Changes in Sexual Activity and Function After Pelvic Organ Prolapse Surgery

性功能 医学 重建外科 盆底 性功能障碍 外科手术网 生活质量(医疗保健) 人口 梅德林 前瞻性队列研究 外科 内科学 法学 护理部 环境卫生 政治学
作者
Danielle D. Antosh,Shunaha Kim-Fine,Kate V. Meriwether,Gregg Kanter,Alexis A. Dieter,Mamta M. Mamik,Meadow M. Good,Rashmi B. Halker Singh,Alexandriah Alas,Mohamed A. Foda,Ethan M. Balk,David D. Rahn,Rebecca G. Rogers
出处
期刊:Obstetrics & Gynecology [Ovid Technologies (Wolters Kluwer)]

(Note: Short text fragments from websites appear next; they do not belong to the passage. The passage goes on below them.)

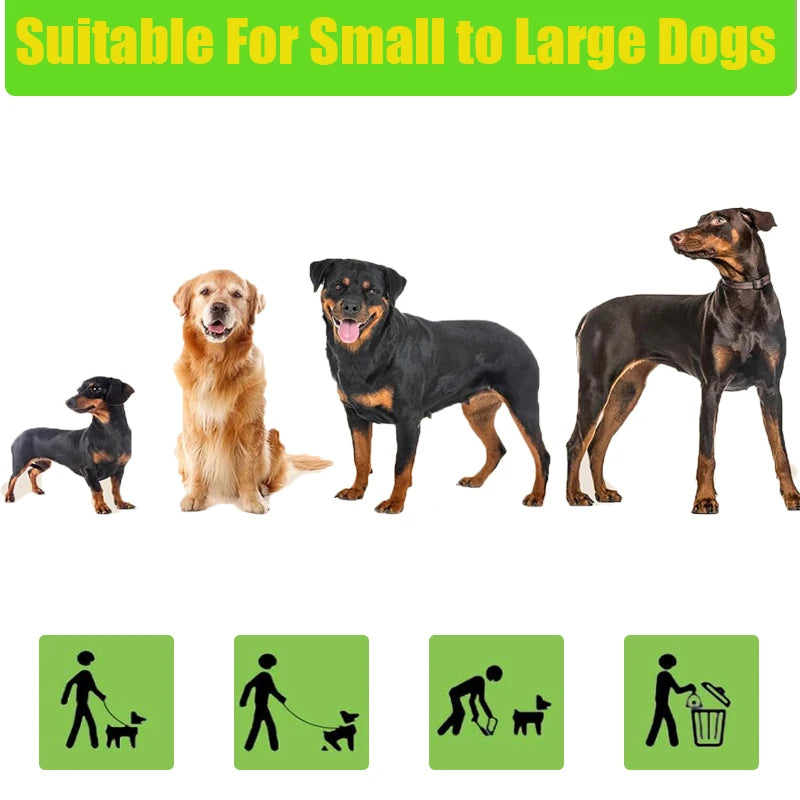 EPI Biodegradable Lavender Scented Leakproof Dog Poop Bags with Dispenser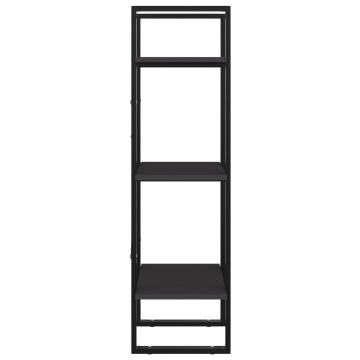 Bibliotecă cu 3 rafturi, gri, 40x30x105 cm, PAL - Img 4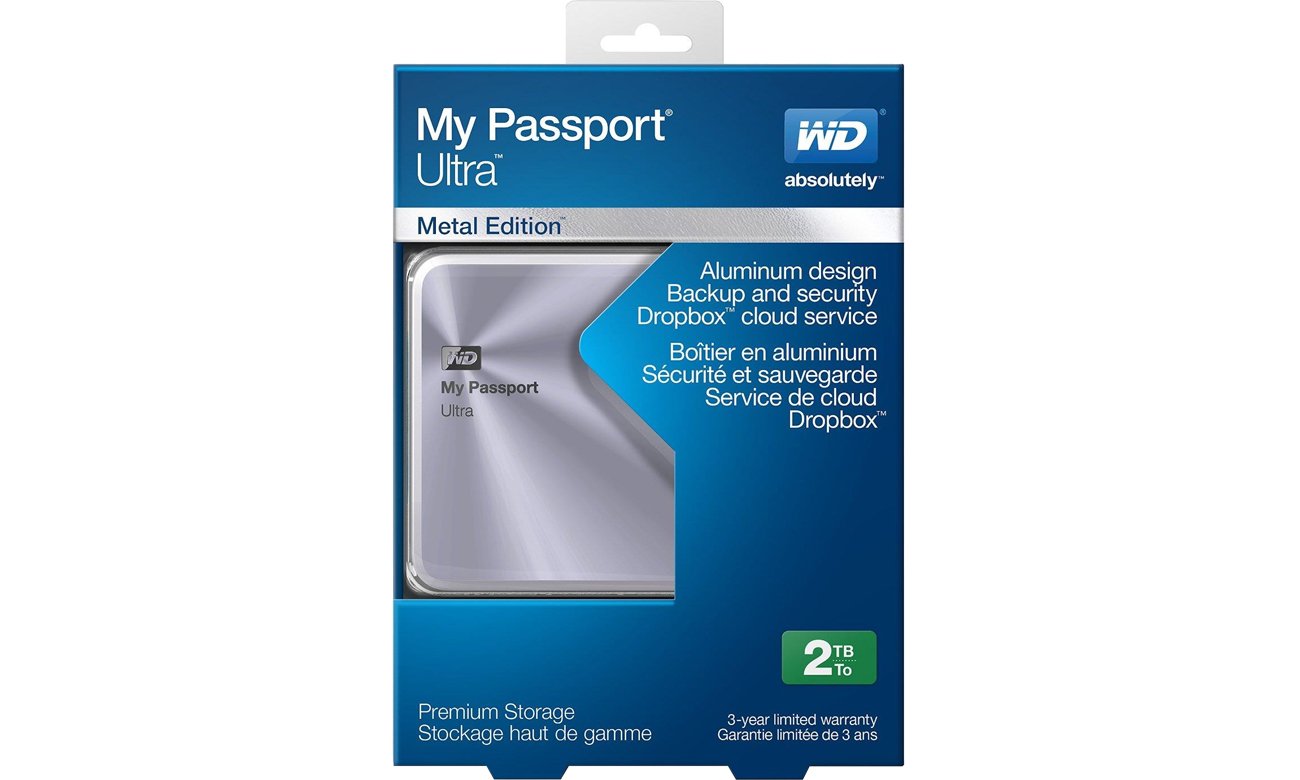 WD My Passport Ultra Metal opakowanie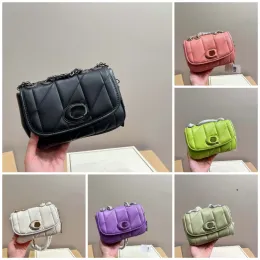 Tabby omuz çantası 20 Ultra Yumuşak Nappa ve Pürüzsüz Deri Kadın Tasarımcı Donanım Snap Kapatma Crossbody Zip Ceb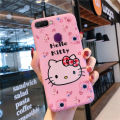 【BestGO】 For OPPO A12 A5s A7 Casing New Cartoon Flowers Hello Kitty Phone Case Soft Silicone Pink Cover. 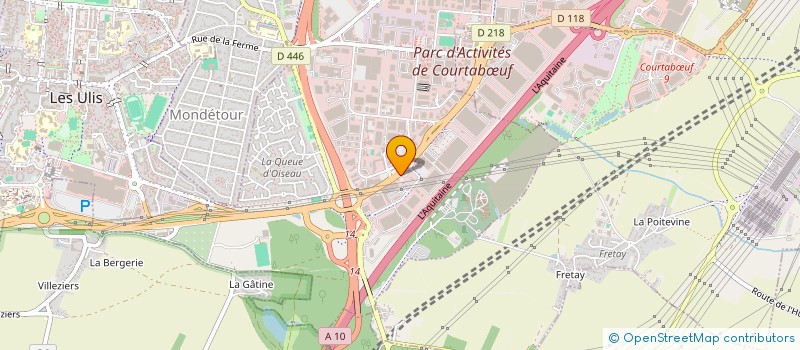 localisation de l'entreprise TOOSHOP à LES ULIS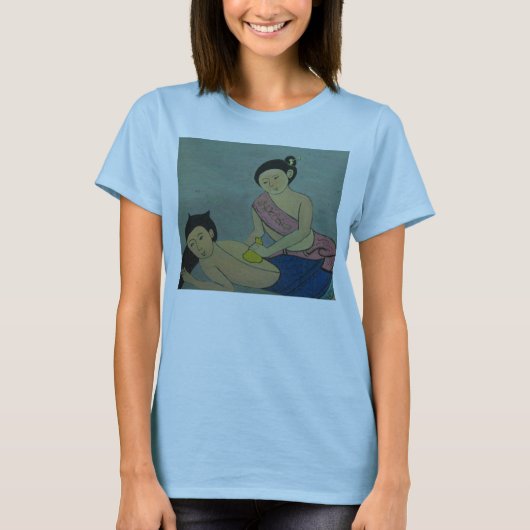 Traditionele slachting in Thailand T-shirt (Voorkant)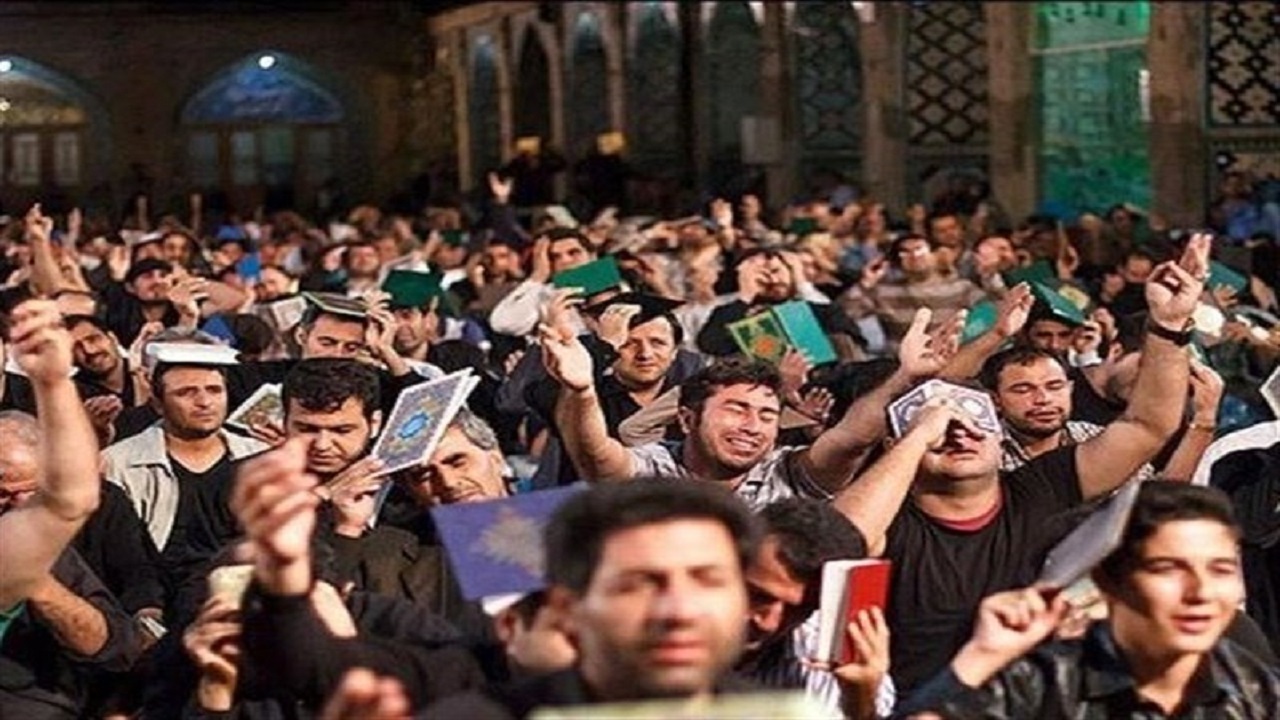 مراسم احیای شب بیست و سوم ماه مبارک رمضان در کلوانق + فیلم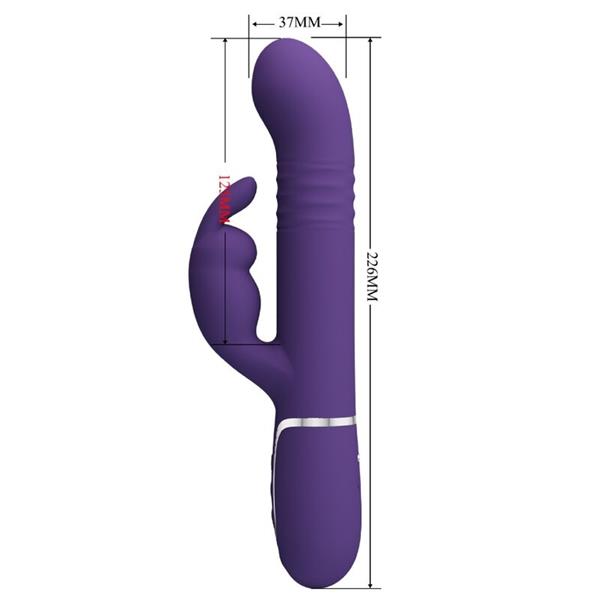 COALE RABBIT VIBRATOR 4 V 1 PURPLE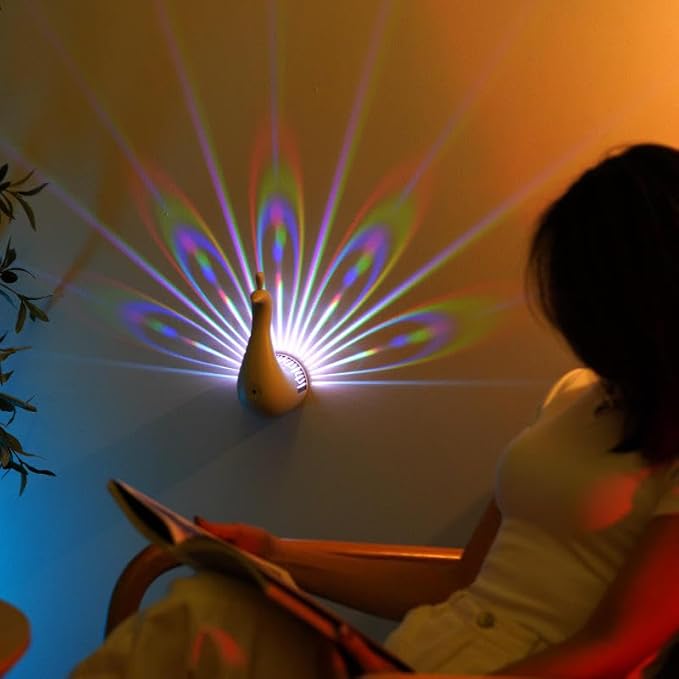 Peacock Aura Lamp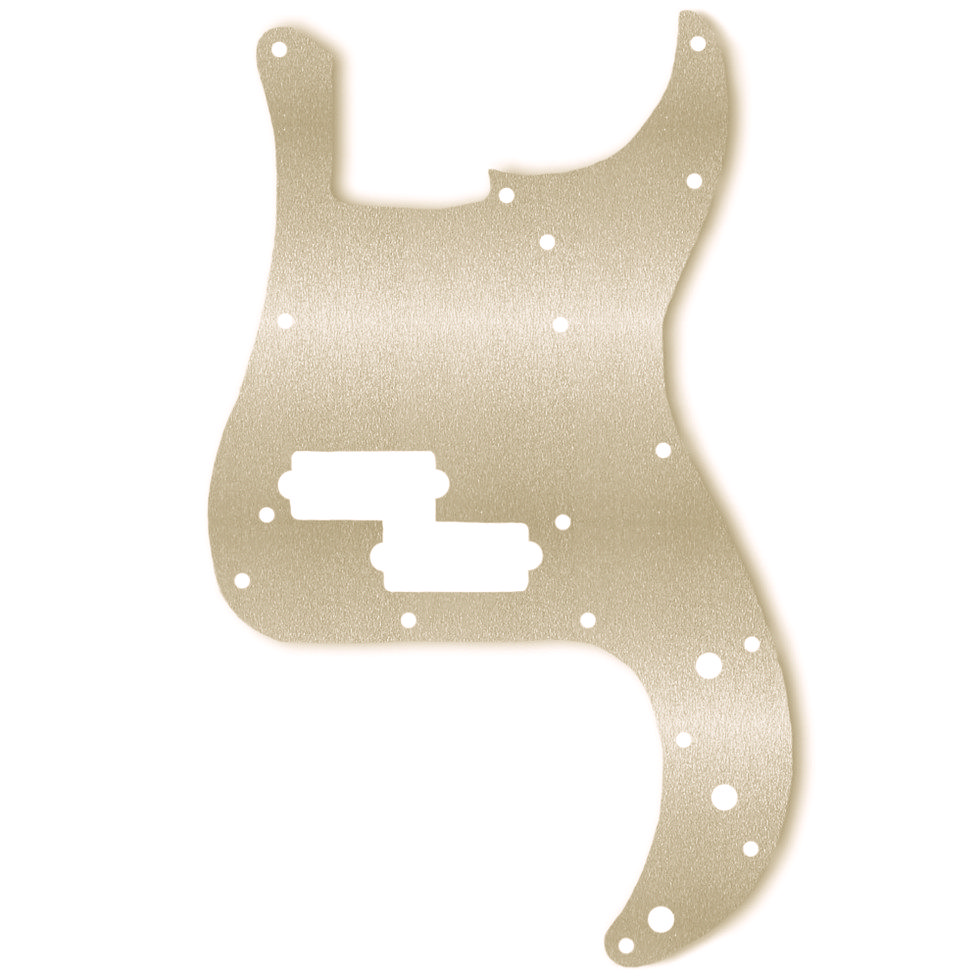 .006" Thick Precision Bass Copper Pickguard Shield — COMING SOON!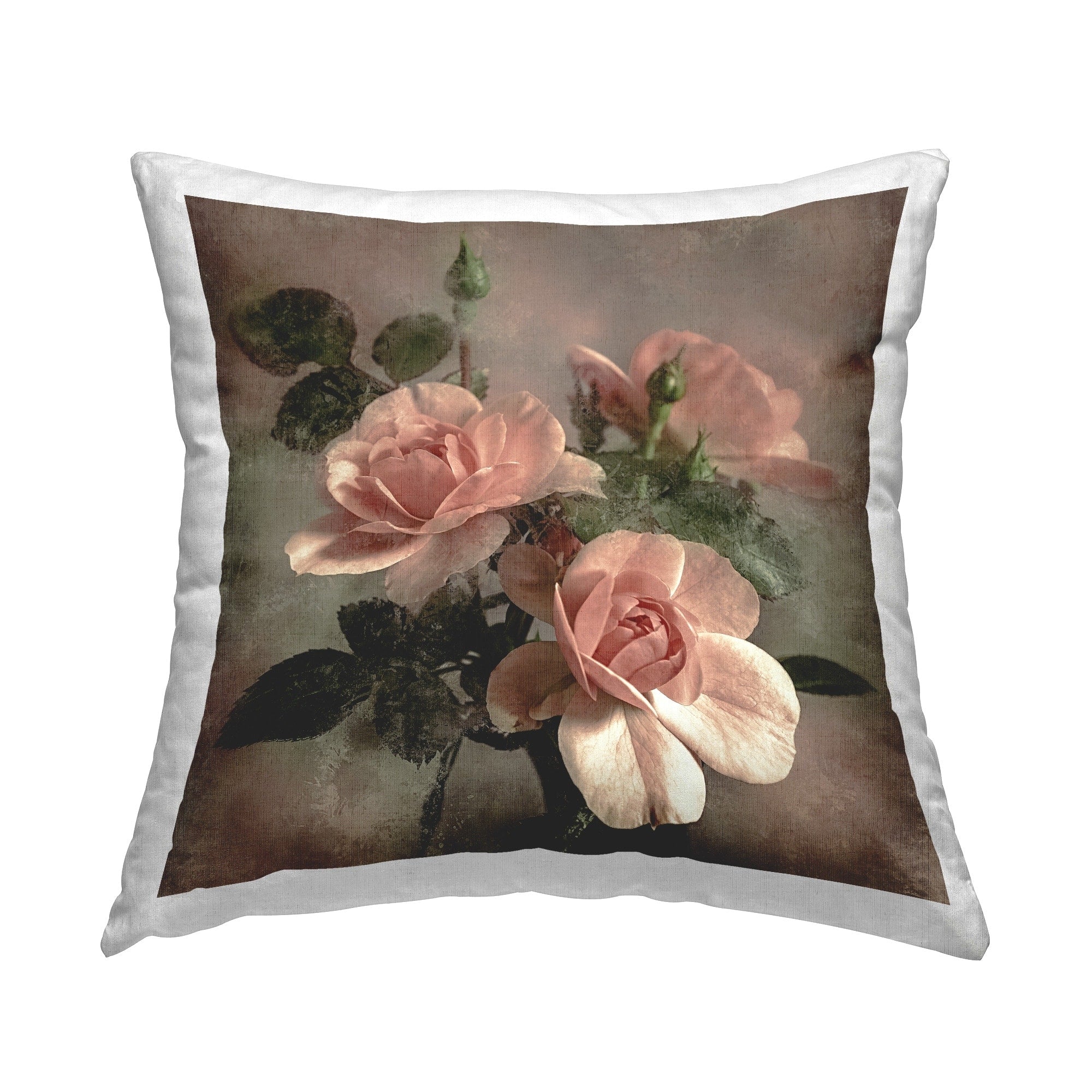 Stupell Vintage Blush Petals Decorative Printed Throw Pillow Design by David Pollard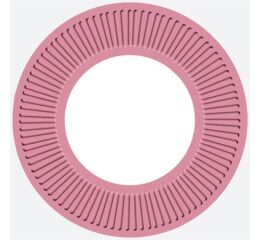 Papírový talíř malý - růžovobílý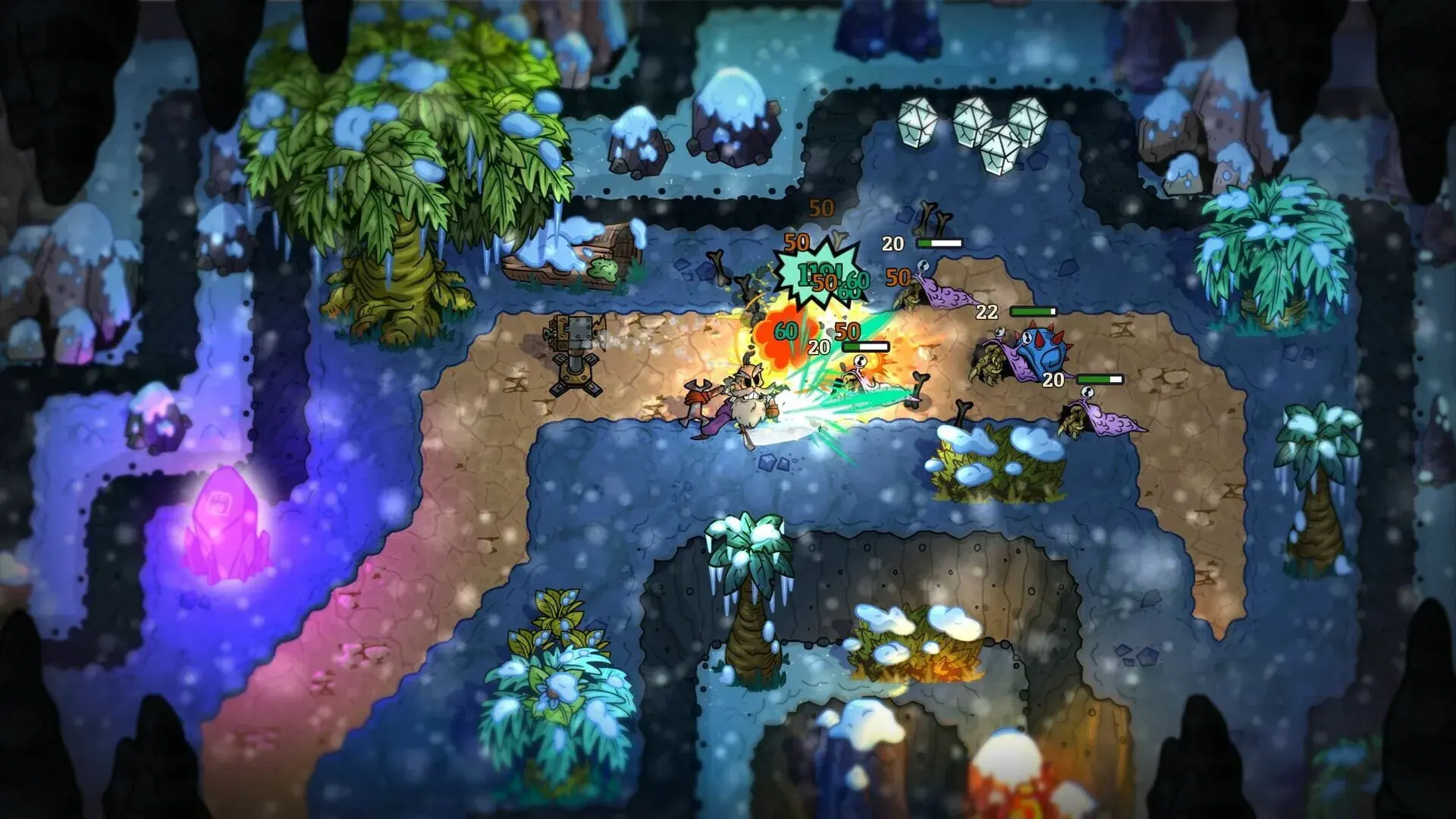 Nobody Saves the World: Frozen Hearth - gameplay screenshot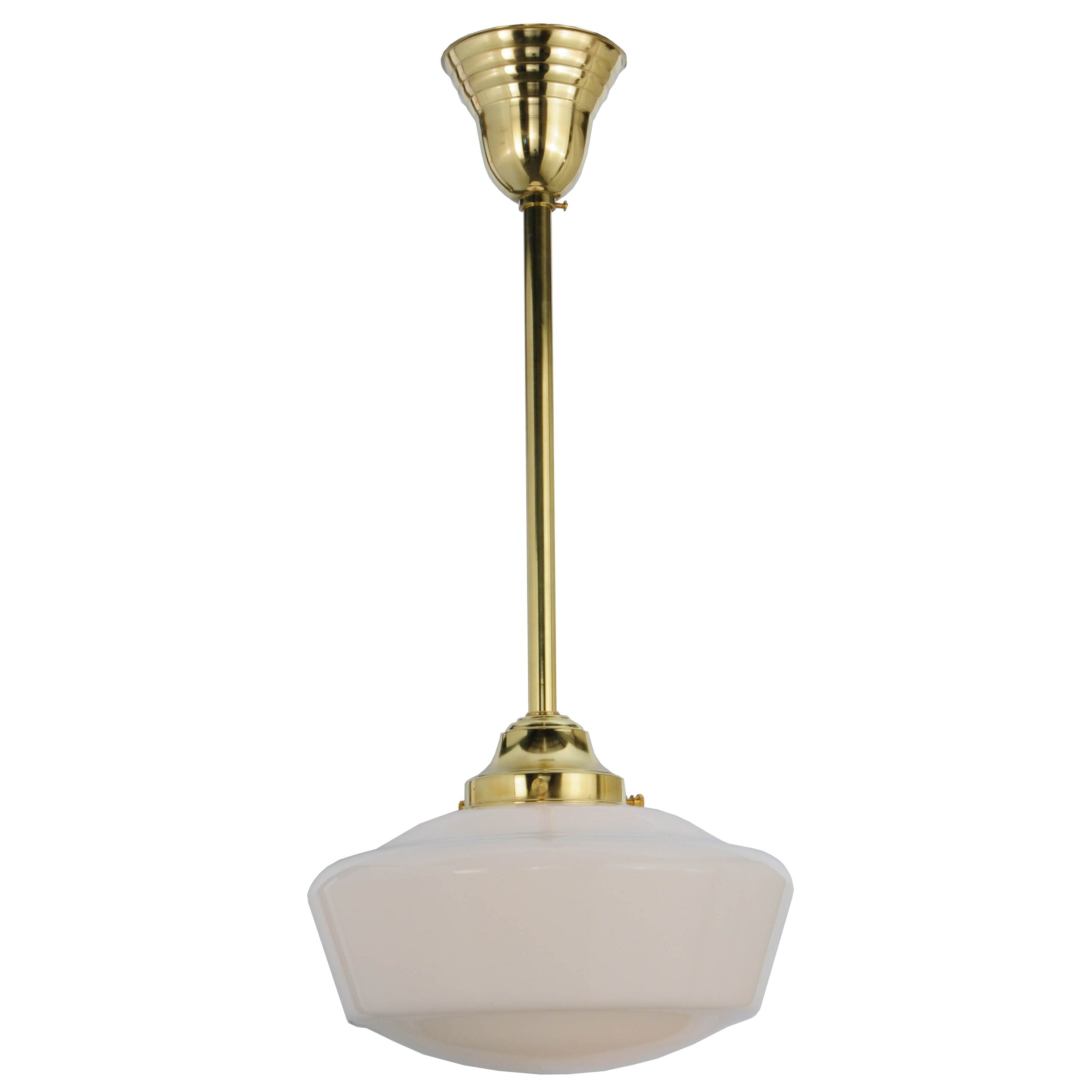 12 W Revival Schoolhouse W Traditional Globe Pendant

卷期号:136 (5): 922-931 被引量:33
标识
DOI:10.1097/aog.0000000000004125
摘要

OBJECTIVE: We aimed to systematically review the literature to describe sexual activity and function before and after prolapse surgery. DATA SOURCES: We searched MEDLINE, EMBASE, and ClinicalTrials.gov databases from inception to April 2018. METHODS OF STUDY SELECTION: Prospective, comparative studies of reconstructive pelvic organ prolapse (POP) surgeries that reported sexual function outcomes were included. Studies were extracted for population characteristics, sexual function outcomes, and methodologic quality. Data collected included baseline and postoperative sexual activity, dyspareunia, and validated sexual function questionnaire scores. Change in validated scores were used to categorize overall sexual function as improved, unchanged, or worsened after surgery. TABULATION, INTEGRATION, AND RESULTS: The search revealed 3,124 abstracts and identified 74 articles representing 67 original studies. The overall quality of evidence was moderate to high. Studies reporting postoperative results found higher rates of sexual activity than studies reporting preoperative sexual activity in all POP surgeries except sacrospinous suspension, transvaginal mesh, and sacrocolpopexy. The prevalence of dyspareunia decreased after all prolapse surgery types. The risk of de novo dyspareunia ranged from 0% to 9% for all POP surgeries except posterior repair, which lacked sufficient data. Overall sexual function based on PISQ-12 (Pelvic Organ Prolapse/Incontinence Sexual Questionnaire-12) scores improved for mixed native tissue repairs, anterior repairs, uterosacral suspensions, sacrospinous suspensions, and sacrocolpopexy; scores were similar for posterior repairs, transvaginal mesh, and biologic grafts. Sexual function did not worsen after any POP surgeries. CONCLUSION: Sexual function improves or remains unchanged after all types of reconstructive POP surgeries and does not worsen for any surgery type. Prevalence of total dyspareunia was lower after all POP surgery types, and de novo dyspareunia was low ranging 0–9%. This information can help surgeons counsel patients preoperatively. SYSTEMATIC REVIEW REGISTRATION: PROSPERO, CRD42019124308.